Whether you decide to vacation or staycation, how you “spend” this summer can have a direct effect on your credit scores and your bottom line. It’s easy to go overboard in the heat of the moment – and repeated exposure to credit card overspending can burn your budget and scorch your credit scores for months, if not years. This can affect your ability to rent an apartment or get a good interest rate on a mortgage or loan.
However, if you take steps to strengthen your SPF (Spending Protection Factor), you won’t have to sacrifice your summer fun to avoid getting burned!

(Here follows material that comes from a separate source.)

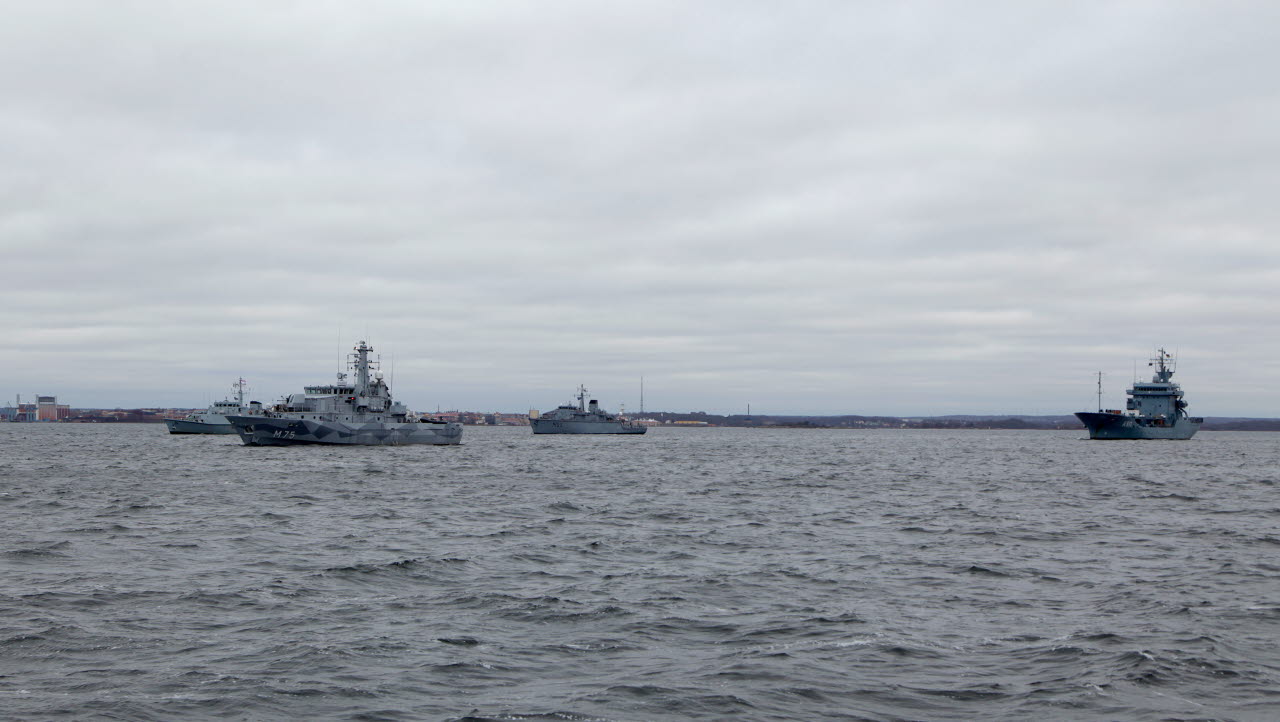 Samövning mellan Natos stående minröjningsstyrka och Tredje sjöstridsflottiljens fartyg HMS Vinga i december 2016.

Boost your “SPF” to spare your scores:
Agree on a spending and repayment plan.
When it comes to protecting your credit scores, cash is king. However, if your primary source of funding summer fun is credit cards, keep in mind that the more debt you charge up, the longer it can take to pay down – and the more your scores and budget will suffer.
Apply cash liberally.
Especially if you’ve overplayed the plastic throughout the year! If you owe a lot on several accounts, apply extra payments toward your card balances, whenever possible, to reduce your debt.
Use caution when applying for plastic.
It’s important to treat your credit gently – and avoid overindulging which can cause irritation. For instance, opening multiple new credit cards to help float your summer spending will trigger a rash of credit inquiries that can sink your scores.
Know your limits.
Depending on the balances you’re carrying, some of your credit cards may put you at a higher risk of overexposure than others. If your credit card balances total more than 30 percent of your total credit limits, your scores are getting burned.
Be protective of your credit.
Monitor your scores and reports throughout the summer for changes that may put your scores in the red – or unauthorized activity that could burn your good name.